*Exercise*
Copy out the data from the line containing "MTN Limited Edition FAB 5 FREDDY" to its last line, exactly. No pictures.

*Image-caption web data*

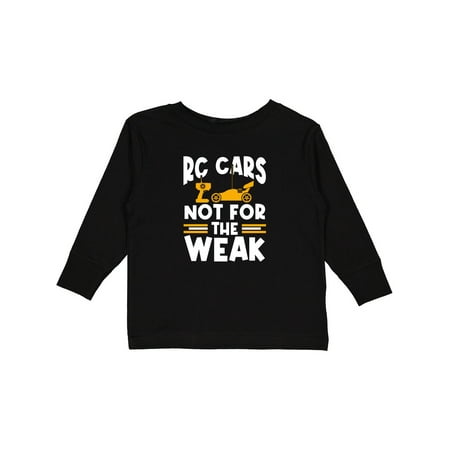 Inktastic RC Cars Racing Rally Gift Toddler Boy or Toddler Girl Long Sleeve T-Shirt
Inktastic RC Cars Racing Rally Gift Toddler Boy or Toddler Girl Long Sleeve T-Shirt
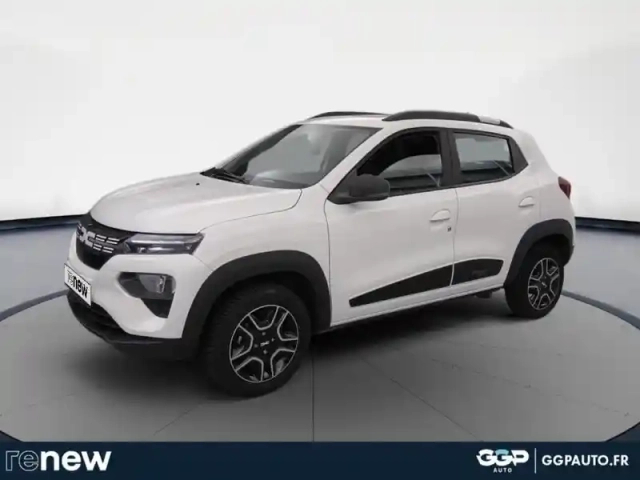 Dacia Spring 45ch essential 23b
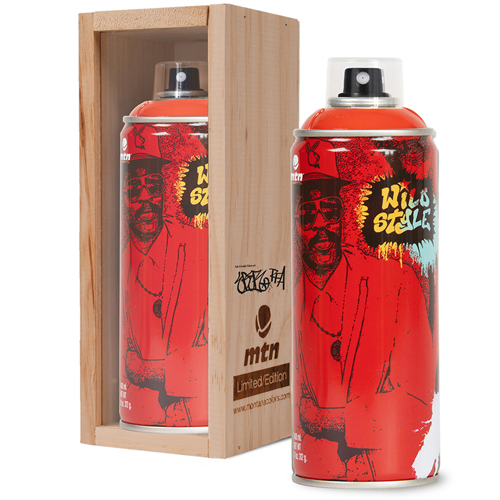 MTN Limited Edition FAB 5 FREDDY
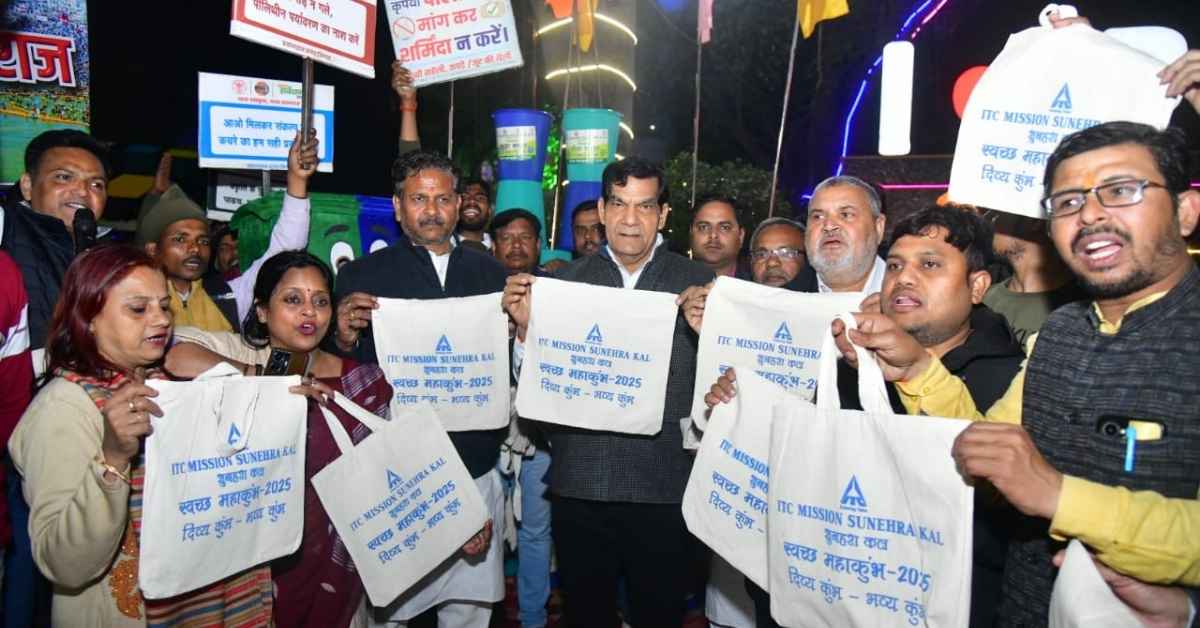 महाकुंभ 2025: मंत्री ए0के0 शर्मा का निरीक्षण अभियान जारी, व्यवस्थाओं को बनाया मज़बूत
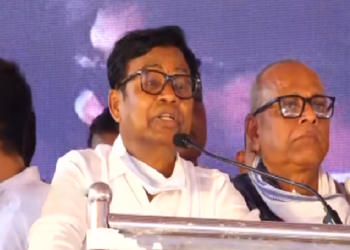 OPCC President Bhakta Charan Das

*Solution to this task*
 MTN Limited Edition FAB 5 FREDDY
 महाकुंभ 2025: मंत्री ए0के0 शर्मा का निरीक्षण अभियान जारी, व्यवस्थाओं को बनाया मज़बूत
 OPCC President Bhakta Charan Das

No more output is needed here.